[Start of section]
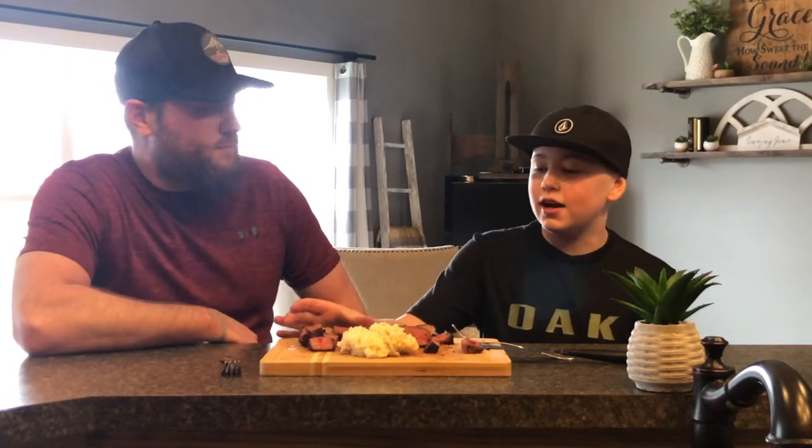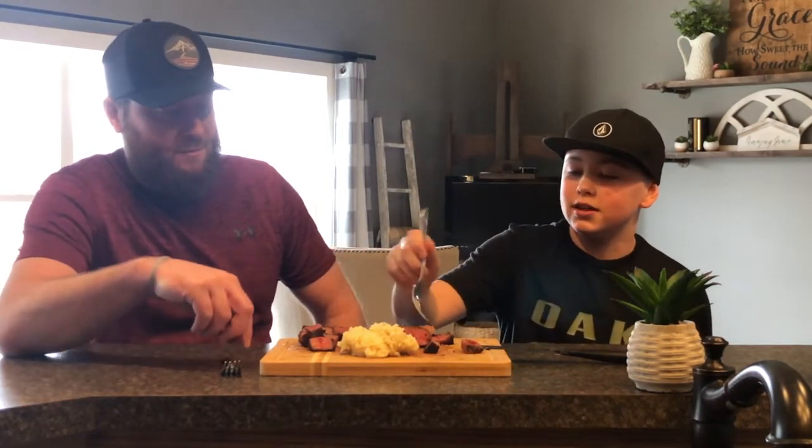We just got finished cooking these. This side is the salt and pepper version; this one was cooked with a rub — I'm not going to tell you what rub or how I cooked it because that's next week's video. I also made a side dish of potatoes: I boiled the potatoes with a little salt in the water, then mixed them with butter, garlic, fresh ground black pepper, and some more salt. Let's go ahead and try the salt and pepper side.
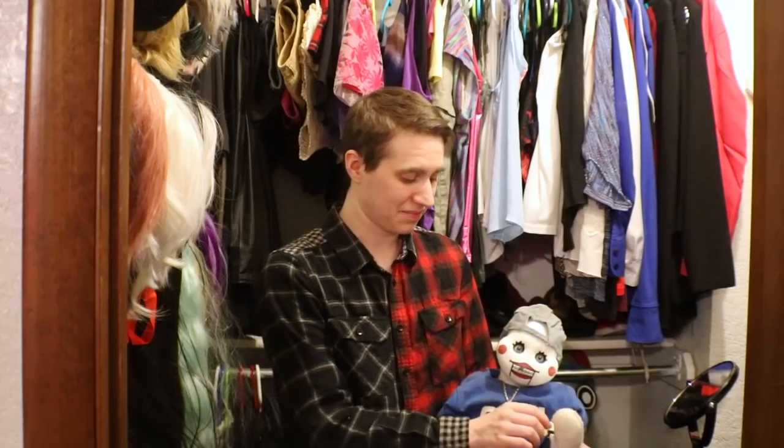Thank you, Artful Friends, for joining us this week. Please do subscribe to get the key to the Cosplay Closet. I will see you all next time. Bye.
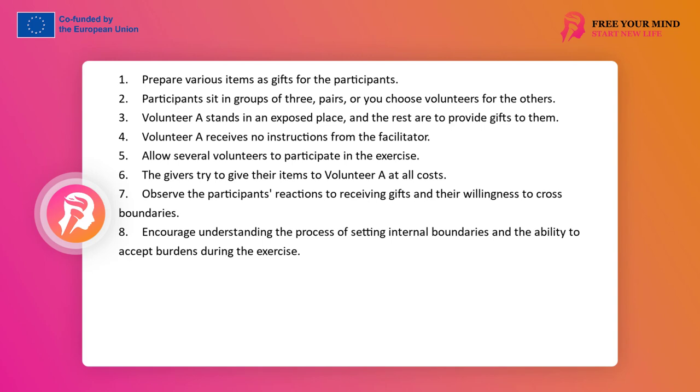Volunteers will probably try to accept gifts and agree to cross boundaries, and this process is a space for analysis and learning. Questions: What made you accept gifts? How did you accept them? When did you realize that you already had too much? How much more did you accept than you could? What internal signals of too much did you skip? How should you formulate information about your boundary? What conclusions can be drawn? How will your life change when you set boundaries earlier? How much can you actually take on? How much will you accept? Is this something constant or can it change?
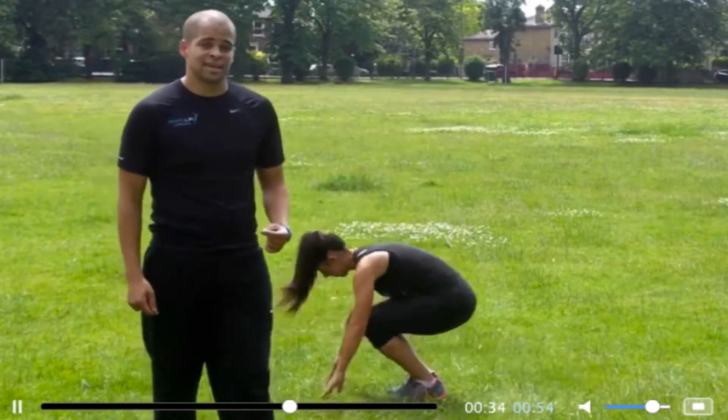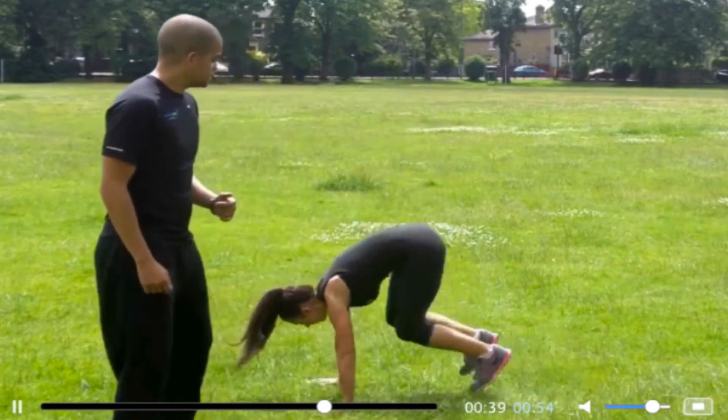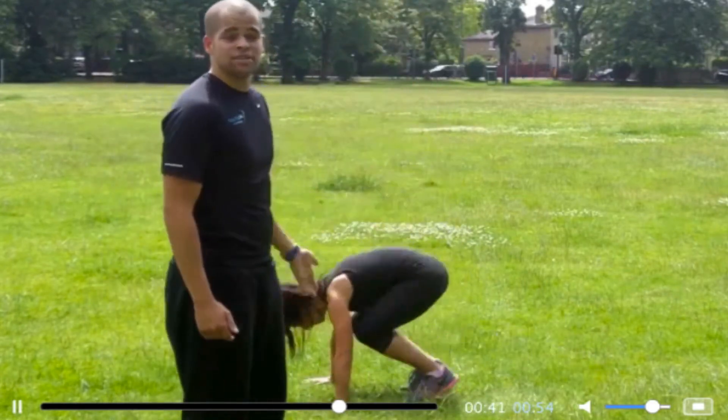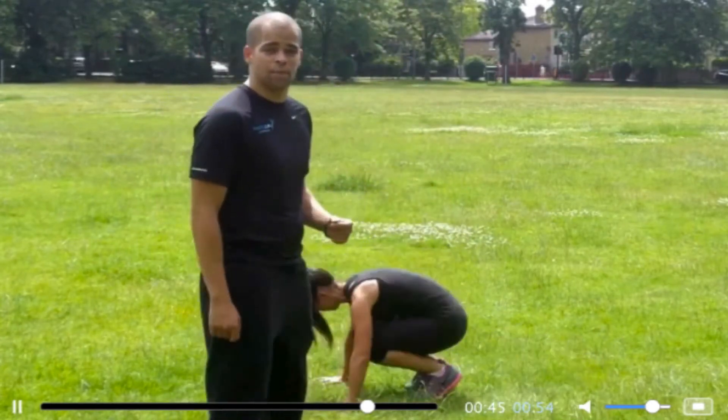Ideally we want to challenge you in this exercise — you can also bring in jumping as well. As you can see it's exactly the same: you jump yourself out, jump yourself in, and jump as high as you can. The higher you get, the more power you generate.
[End of section]
- Exercise instructions
Your answer must be the exact lines from the start of the data through the line with "Volunteers will probably", inclusive, and nothing else; pictures do not belong in it.

- Solution for this problem
We just got finished cooking these. This side is the salt and pepper version; this one was cooked with a rub — I'm not going to tell you what rub or how I cooked it because that's next week's video. I also made a side dish of potatoes: I boiled the potatoes with a little salt in the water, then mixed them with butter, garlic, fresh ground black pepper, and some more salt. Let's go ahead and try the salt and pepper side.
Thank you, Artful Friends, for joining us this week. Please do subscribe to get the key to the Cosplay Closet. I will see you all next time. Bye.
Volunteers will probably try to accept gifts and agree to cross boundaries, and this process is a space for analysis and learning. Questions: What made you accept gifts? How did you accept them? When did you realize that you already had too much? How much more did you accept than you could? What internal signals of too much did you skip? How should you formulate information about your boundary? What conclusions can be drawn? How will your life change when you set boundaries earlier? How much can you actually take on? How much will you accept? Is this something constant or can it change?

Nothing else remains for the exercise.